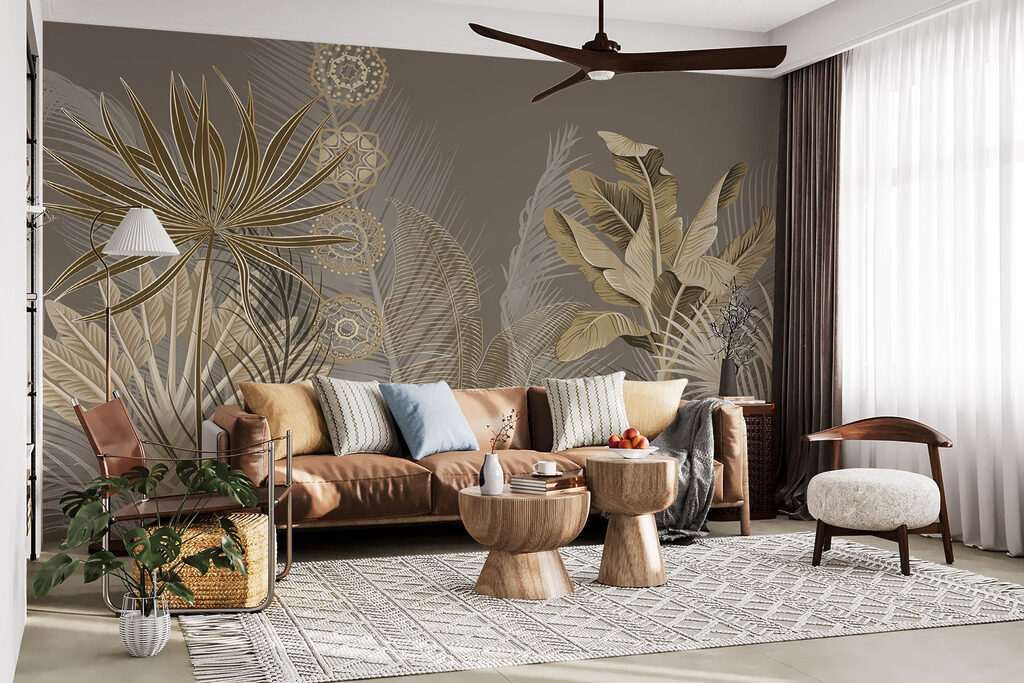 Botanical Fans and Circles — interior 2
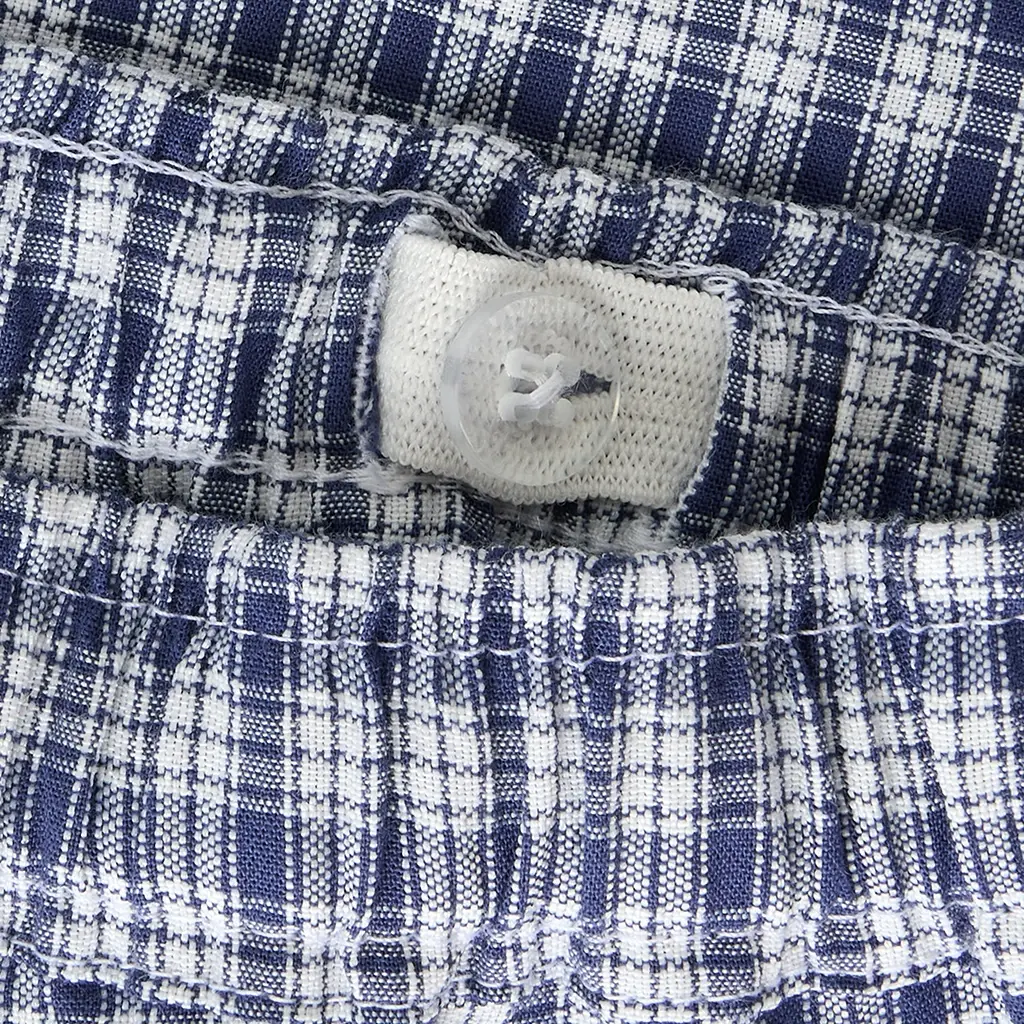 Broek ruit WIDE LEG Fenja (cloud dancer)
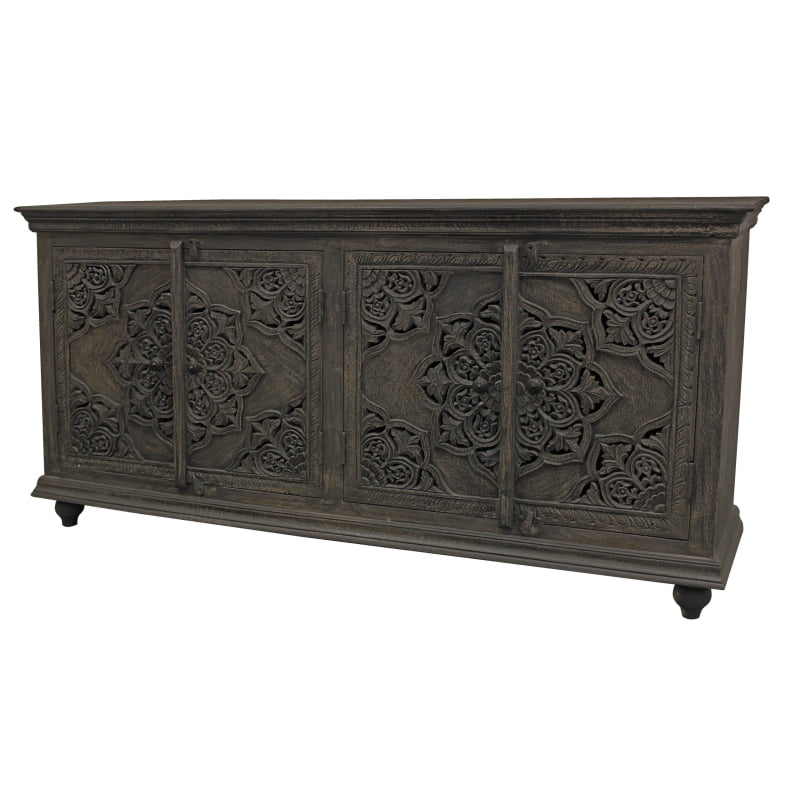 Forma 4-Door Sideboard - Distressed Gray - Image 3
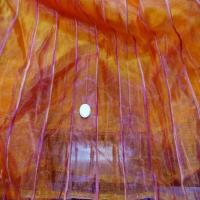 Organza orange rose fuchsia en 2 90m de large1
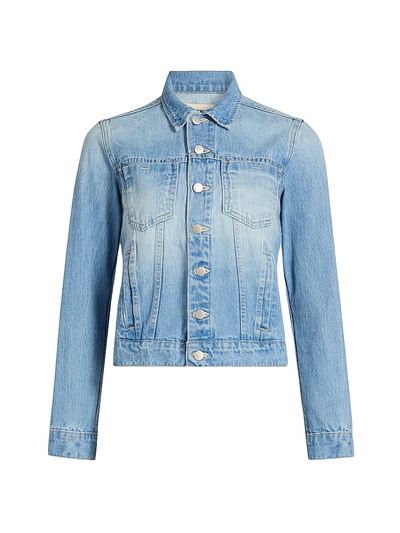 L'AGENCE Women's Celine Slim-Fit Denim Jacket
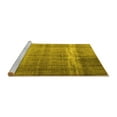 thumbnail image 2 of Ahgly Company Machine Washable Indoor Square Persian Yellow Traditional Area Rugs, 6' Square, 2 of 4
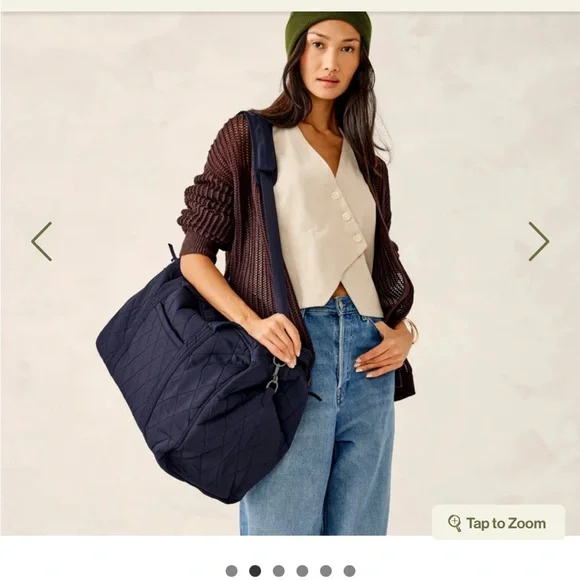 Vera Bradley Large Miramar Weekender - Peacoat in Performance Twill - Picture 2 of 6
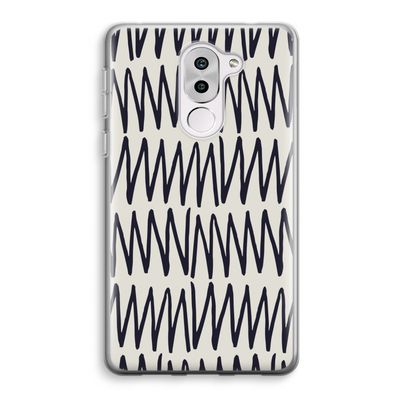Marrakech Zigzag: Honor 6X Transparant Hoesje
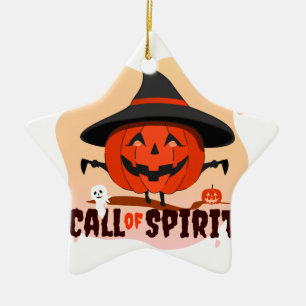 Adorno De Cerámica Llamado de Espíritu de Halloween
----
## [WORK INSTRUCTION]
Each line above should be returned exactly as written, apart from any pictures.

## [ANSWER FOR THE TASK]
 Botanical Fans and Circles — interior 2
 Broek ruit WIDE LEG Fenja (cloud dancer)
 Forma 4-Door Sideboard - Distressed Gray - Image 3
 Organza orange rose fuchsia en 2 90m de large1
 L'AGENCE Women's Celine Slim-Fit Denim Jacket
 thumbnail image 2 of Ahgly Company Machine Washable Indoor Square Persian Yellow Traditional Area Rugs, 6' Square, 2 of 4
 Vera Bradley Large Miramar Weekender - Peacoat in Performance Twill - Picture 2 of 6
Marrakech Zigzag: Honor 6X Transparant Hoesje
 Adorno De Cerámica Llamado de Espíritu de Halloween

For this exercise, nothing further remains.